## TASK ITEM:
All that is wanted is a word-for-word copy of the data from its first line to the line containing "Guided Garden Tour with Tourists", both included.

(Dataset entries)
■ ■ ■
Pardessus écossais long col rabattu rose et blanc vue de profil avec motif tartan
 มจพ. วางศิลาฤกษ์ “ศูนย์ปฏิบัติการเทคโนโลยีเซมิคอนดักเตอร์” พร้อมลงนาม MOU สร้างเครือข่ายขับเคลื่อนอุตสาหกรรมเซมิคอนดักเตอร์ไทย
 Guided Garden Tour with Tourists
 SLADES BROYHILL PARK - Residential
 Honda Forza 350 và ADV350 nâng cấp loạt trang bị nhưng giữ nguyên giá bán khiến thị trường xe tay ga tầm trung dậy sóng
■ ■ ■
## WRITTEN ANSWER:
Pardessus écossais long col rabattu rose et blanc vue de profil avec motif tartan
 มจพ. วางศิลาฤกษ์ “ศูนย์ปฏิบัติการเทคโนโลยีเซมิคอนดักเตอร์” พร้อมลงนาม MOU สร้างเครือข่ายขับเคลื่อนอุตสาหกรรมเซมิคอนดักเตอร์ไทย
 Guided Garden Tour with Tourists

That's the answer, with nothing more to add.